FGI has an expected earnings growth rate of 4.8% for 2023. However, earnings for 2022 are expected to decline by 53.3% due to the aforementioned headwinds. Its shares lost 34.4% last year. That said, the FGI has seen a 10.5% upward estimate revision for 2022 earnings over the past 60 days. This portrays analysts’ optimism about the company’s prospects.
Price and consensus: FGI
Fortune Brands Home & Security: Based in Deerfield, IL, Fortune Brands specializes in designing, manufacturing and selling home and security products, primarily in kitchen and bathroom cabinetry, plumbing and fixtures, entryway systems and security product applications. The company’s strong fundamentals, including strength across all brands and innovation, transformation efforts, pricing actions and cost control measures, are expected to benefit it in the long run. Strong order volumes and high backlog levels are expected to continue to act as catalysts for the company’s growth.

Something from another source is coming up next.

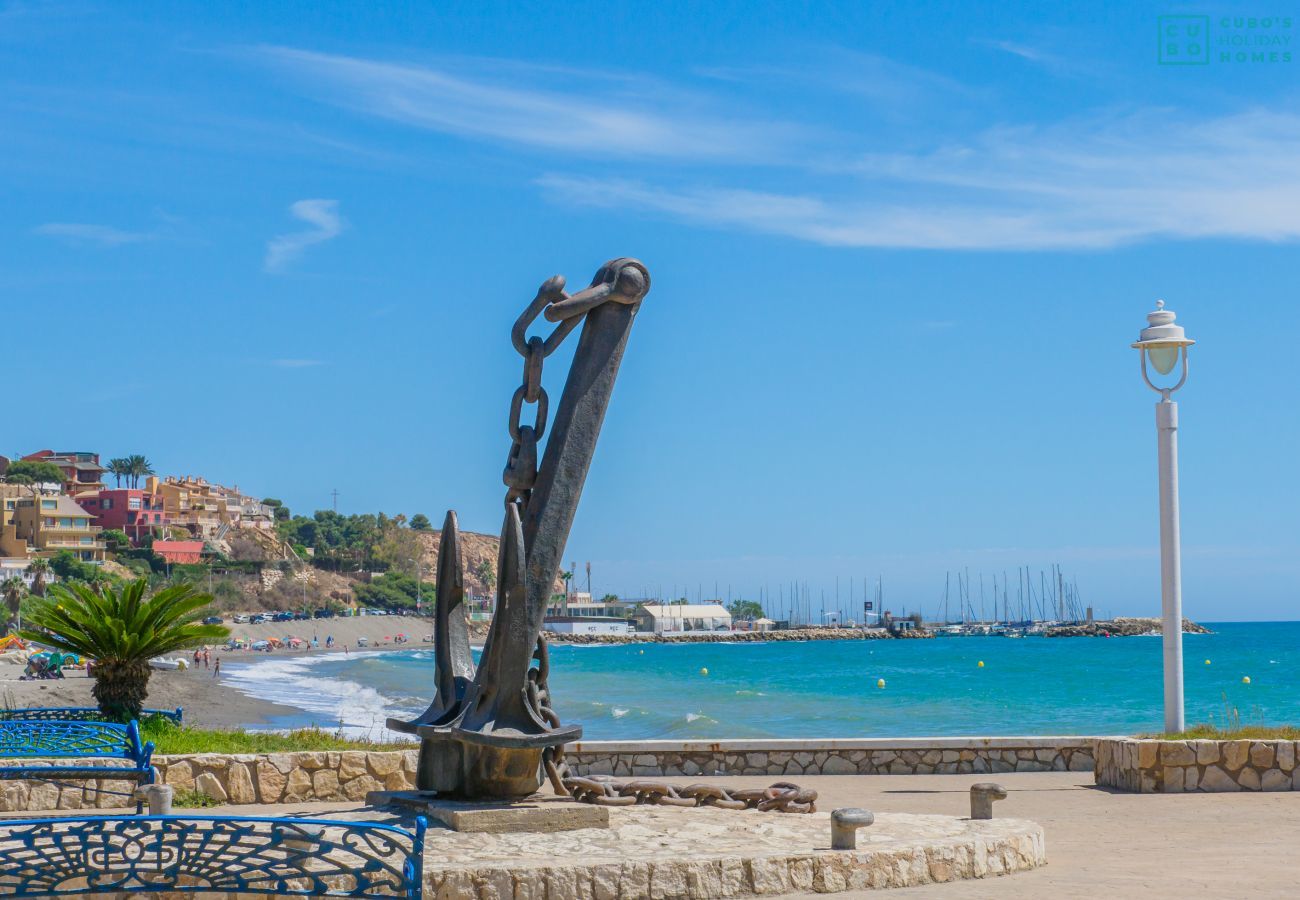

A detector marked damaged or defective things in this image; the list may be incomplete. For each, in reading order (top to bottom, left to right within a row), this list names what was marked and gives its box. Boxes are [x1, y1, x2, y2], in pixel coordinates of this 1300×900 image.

FBHS has an expected earnings growth rate of 12% for 2022. Its shares lost 36.1% last year. That said, FBHS has seen an upward revision of the estimate of 0.2% for 2022 earnings and 1.4% for 2023 earnings over the past 30 days.
Price and Consensus: FBHS
Williams-Sonoma: This is a multi-channel specialty retailer based in San Francisco, CA. The company has benefited from its focus on digital initiatives, increased e-commerce penetration and product launches. In addition to the continuous improvement of the e-commerce channel, supply chain optimization and disciplined cost control are expected to drive growth.
Williams-Sonoma shares are down 22.2% last year. That said, earnings estimates for the current year have shifted 3.1% north over the past 30 days. The company has an expected earnings growth rate of 11.6% for fiscal 2022.
Price and consensus: WSM
Ethan Allen Interiors: This Danbury, CT based company operates as an interior design company and home furniture manufacturer and retailer. Its wide range of offerings, a strong network of retail design centers and focus on interior design services as well as technology enhancement have benefited the company. It recently reported solid results for the fourth quarter of fiscal 2022, showing the strength of its vertical integration, strong order backlog and increased production capacity. It remains well positioned for fiscal 2023 with its product offerings, vertical integration advantage including its North American manufacturing, retail network focused on interior design, a strong logistics network and a healthy balance sheet to maximize opportunities during the year.
ETD shares are down 10.3% last year, outperforming the industry. Profit estimates for fiscal 2023 have held steady at $2.95 per share for the past 60 days.